Return the line containing "Белый Форд Фокус, объемом" and every line beneath it through the end of the entries below, unchanged. Pictures stay out.
-- Data in this exercise follows --
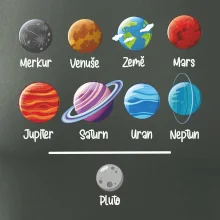 Planety vedle sebe plus pluto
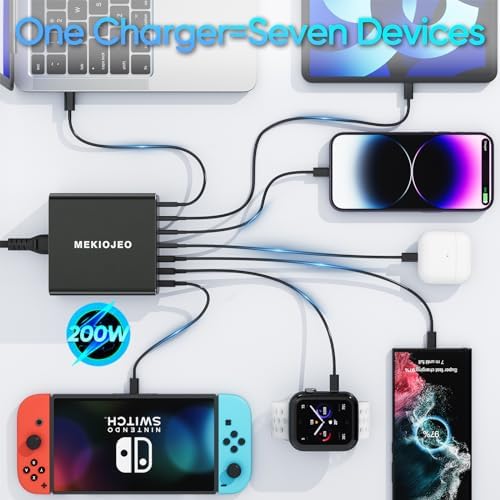 Revolutionary 7-Port Ga N USB C Charging Hub – 65 W High-Speed Aluminum Alloy Power Station for Mac Book Pro, i Pad Pro, i Phone & More – Stylish Purple Multi-Device Charger for Ultimate Efficiency and Portability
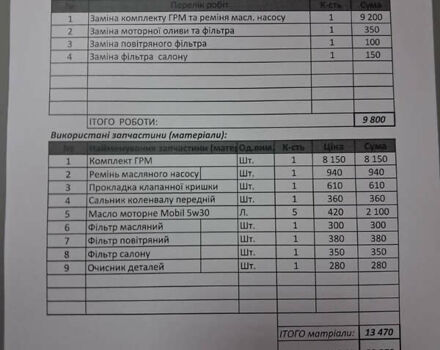 Белый Форд Фокус, объемом двигателя 1 л и пробегом 88 тыс. км за 9400 $, фото 64 на Automoto.ua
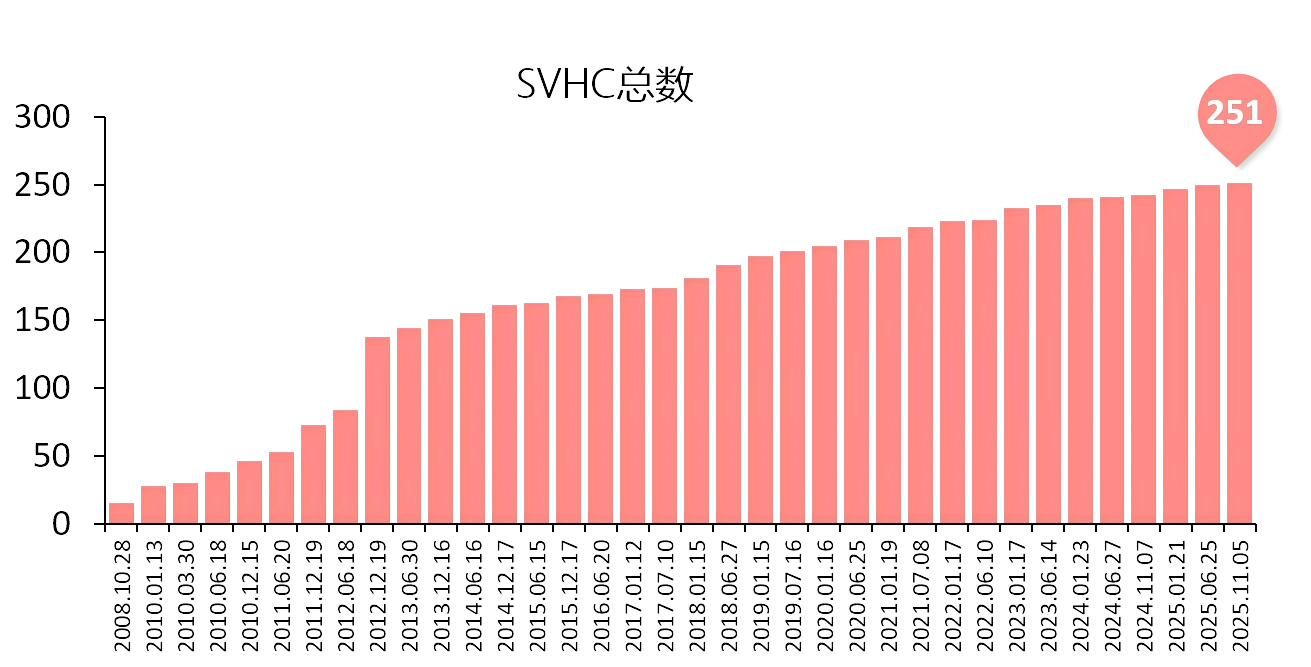 SVHC(REACH高关注物质)专题介绍 附最新251项清单下载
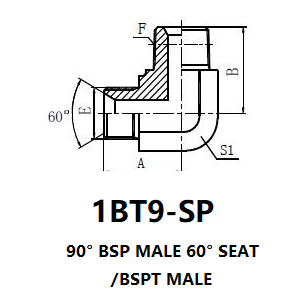 1BT9-SP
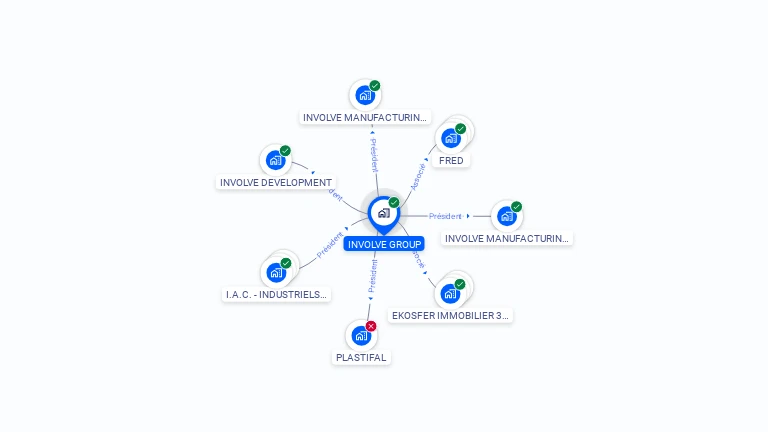 Cartographie gratuite d'INVOLVE GROUP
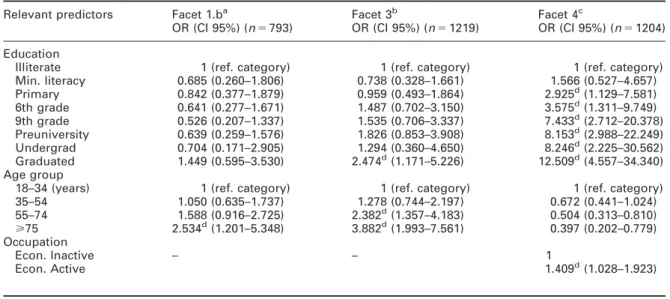 Table 4 Adjusted odds ratio for relevant predictors of community pharmacy usage facets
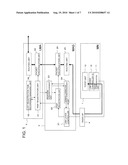 PROXY MOBILE IP SYSTEM, ACCESS GATEWAY AND METHOD FOR DETERMINING THE ORDER OF REGISTRATION NOTIFICATION MESSAGES USED THEREFOR diagram and image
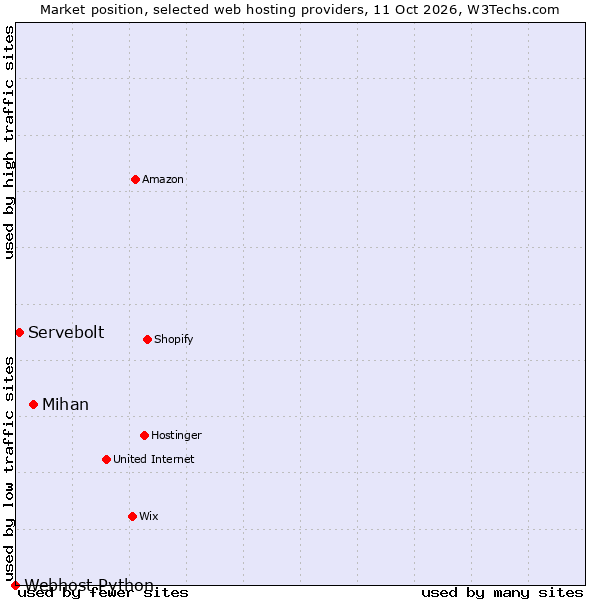 Market position of Mihan vs. Servebolt vs. Webhost Python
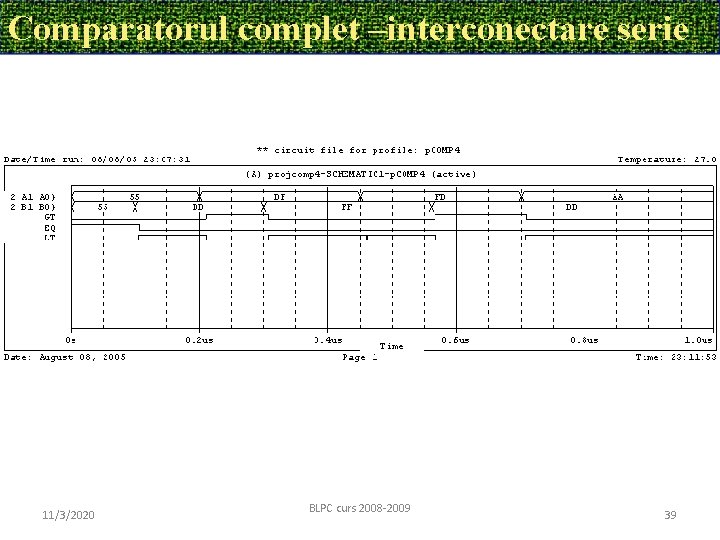 Comparatorul complet –interconectare serie 11/3/2020 BLPC curs 2008 -2009 39 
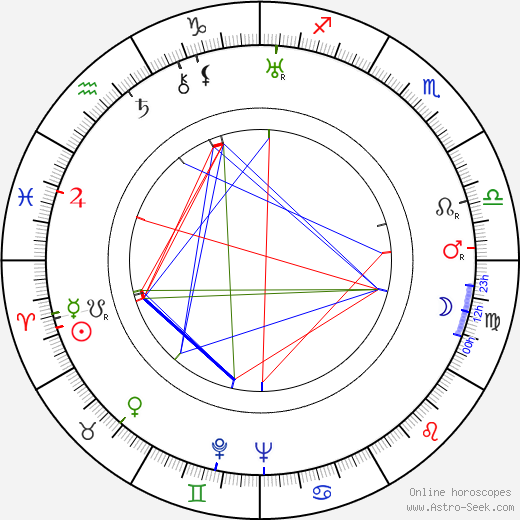 Jarka Pižla birth chart, Jarka Pižla astro natal horoscope, astrology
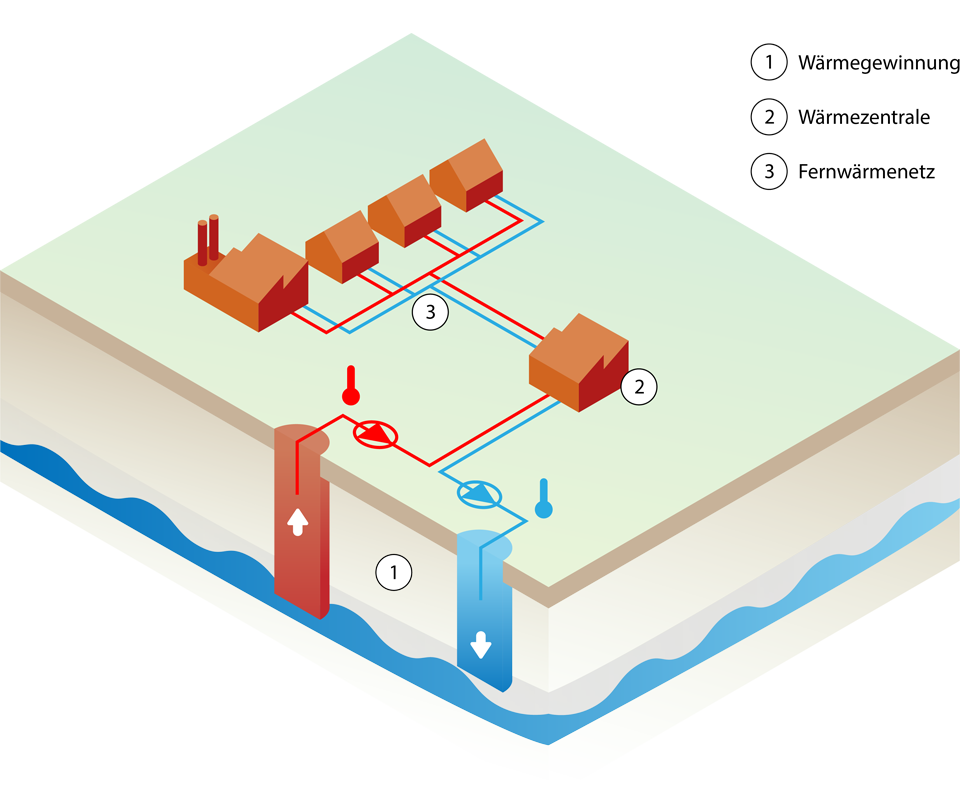 Ein Schema in der Sicht von schräg oben zeigt, wie Wärme aus dem Untergrund zu einer Wärmezentrale und weiter zu Gebäuden gelangt.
-- Data in this exercise concluded --
Your response =
 Белый Форд Фокус, объемом двигателя 1 л и пробегом 88 тыс. км за 9400 $, фото 64 на Automoto.ua
 SVHC(REACH高关注物质)专题介绍 附最新251项清单下载
 1BT9-SP
 Cartographie gratuite d'INVOLVE GROUP
 Table 4 Adjusted odds ratio for relevant predictors of community pharmacy usage facets
 PROXY MOBILE IP SYSTEM, ACCESS GATEWAY AND METHOD FOR DETERMINING THE ORDER OF REGISTRATION NOTIFICATION MESSAGES USED THEREFOR diagram and image
 Market position of Mihan vs. Servebolt vs. Webhost Python
 Comparatorul complet –interconectare serie 11/3/2020 BLPC curs 2008 -2009 39 
 Jarka Pižla birth chart, Jarka Pižla astro natal horoscope, astrology
 Ein Schema in der Sicht von schräg oben zeigt, wie Wärme aus dem Untergrund zu einer Wärmezentrale und weiter zu Gebäuden gelangt.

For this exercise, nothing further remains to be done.